Moreover, by slightly reducing the surface of the internal
cross-section of the tower at this level, the central core of the
turbine or propeller train (in the axis of the "eye" of the
artificial cyclone) can reinforce the Venturi effect shortly before
the contact between the air column and the turbine or propeller
train, without disrupting the rotation of the column.
[0084] An alternative shown in FIG. 5 consists flaring the highest
portion of the tower in the line of the turbine or propeller train
18, of which the diameter increases from lowest to highest. The
increase in the diameter then ensures the evacuation of a constant
air volume in spite of the disruption of the air column by the
turbines, and increases the efficiency of the assembly.
[0085] Another alternative, capable of being combined with one of
the previous ones, consists of preceding the turbine or propeller
train with one or more compressor stages, driven or supplied with
energy by the turbines or propellers, and discharge valves 30.
These devices are controlled by sensors (registering speeds of the
airflow and the rotation of the turbines or propellers) and with a
computer program.
[0086] Finally, the upper outlet of the tower can usefully be
covered by a shroud 16 intended both to prevent the appearance of
turbulence at the outlet of the turbine or propeller train and to
minimise any sound disturbances. This shroud can have a
frusto-conical or a progressive shape.
[0087] According to the alternatives, it is possible to envisage a
simple symmetrical shroud, such as the frusto-conical shroud shown
in FIGS. 7A, 7E, 8A and 8B, a double shroud, intended to cause a
cool air suction phenomenon and cool the periphery of the warm air
column after it leaves the turbine or propeller train, this second
solution being capable of more effectively reducing the sound
disturbances, as shown in FIG. 7B, or a double shroud extended
downward to reach the portion of the tower containing the turbines
or propellers, as shown in FIGS. 7C and 7D. This enveloping shroud
would suction a layer of cool air along this portion, which,
optionally combined with external radiators, could help to ensure
the cooling of the turbines (or any other system for capturing
energy), while satisfying the same functions as the previous
solution.
[0088] This third formula should therefore be particularly
advantageous.
[0089] In addition, it is possible to envisage choosing an
asymmetrical shroud that is partially or completely mobile. Thus,
for example, a wedge-shaped shroud equipped with a wind vane would
make it possible to automatically orient the upper portion of the
wedge opposite the wind so as to amplify the suction effect of the
air column, as shown in FIG. 8C.
[0090] It is reasonable for around 50% of the kinetic energy of the
air column to be converted into electricity in the version of the
tower 10 shown in FIGS. 1 and 2. The other half will then be
intended for self-maintenance of the whirlwind phenomenon. The
percentage of conversion of the kinetic energy might substantially
exceed 75 in the more detailed version of the tower shown in FIG.
5.
[0091] The production of electricity thus obtained is actually
permanent. In particular, it is practically independent of the
wind, unlike in conventional wind turbines. The possible production
fluctuations can hardly result from variations in the difference
between the temperatures of the air at the base and at the apex of
the tower. The wind can nevertheless help to amplify the chimney
effect by a double effect of overpressure at the base of the tower
and suction at the apex.
[0092] The power established can be several hundreds of megawatts
for each tower, on the order of 500 MW in optimal activity with
some thirty degrees of difference between the air at the base and
that at the apex, for a tower 300 metres high.

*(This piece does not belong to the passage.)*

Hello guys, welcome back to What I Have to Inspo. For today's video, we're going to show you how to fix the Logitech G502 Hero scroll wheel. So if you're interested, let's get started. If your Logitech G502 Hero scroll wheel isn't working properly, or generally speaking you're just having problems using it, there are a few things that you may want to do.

[0093] The power could be even higher in the case of a plant near a
nuclear power plant or a major heat-generating industrial activity.
The effluents thereof would ensure the supply of the basins with
preheated water and therefore a difference in temperature that is
both more stable and greater for the same greenhouse area. They
could also be placed directly in contact with the air of the
greenhouse area by various methods (spray, cascades, water jets,
etc.). According to this hypothesis, it is possible to consider
reaching and even exceeding a power on the order of 700 MW, or even
more in the version of the tower shown in FIG. 5, reaching the
order of magnitude of the power of a nuclear reactor for a
particularly low cost.
[0094] Certain industrial plants sometimes simultaneously have
large electrical energy requirements and a need for cooling water.
The placement of an air power generator tower can in this case both
generate the energy needed for the plant and reduce the thermal
waste in the environment.
[0095] To conclude, the mass production of electrical energy at a
particularly low cost (on the order of 2 cents per KW/h in the
first estimation) by present aerothermal power plants, i.e. air
power generator towers, would constitute an extremely beneficial
economic advantage.
[0096] They would also have the advantage of making it possible to
recover the heat energy lost both by the power plants and by other
industrial plants and to reduce the thermal disturbances of said
plants while supplying them with energy.
[0097] They can produce electricity with excellent efficiency from
low-temperature sources, since a temperature some thirty degrees
higher than ambient temperature is already enough to allow them to
perform very well.
[0098] There are no environmental hazards.
[0099] The artificial whirlwind absolutely cannot escape the tower
since it is self-maintained by the specific structure of the plant
and most of its energy is converted into electricity. In addition,
the tower uses the available heat energy, provided by the sun,
geothermics or an industrial plant, without producing it itself and
without generating waste or greenhouse gases.
[0100] The power range is relatively broad between the 100 m tower
and the over 300 m tower so as to provide a wide variety of uses,
and the power of a 300-m tower with preheating by recovery of heat
energy is capable of reaching up to several hundred MW, and even
approach the power of a nuclear reactor, while improving its
overall efficiency and making it economically and environmentally
more beneficial.
* * * * *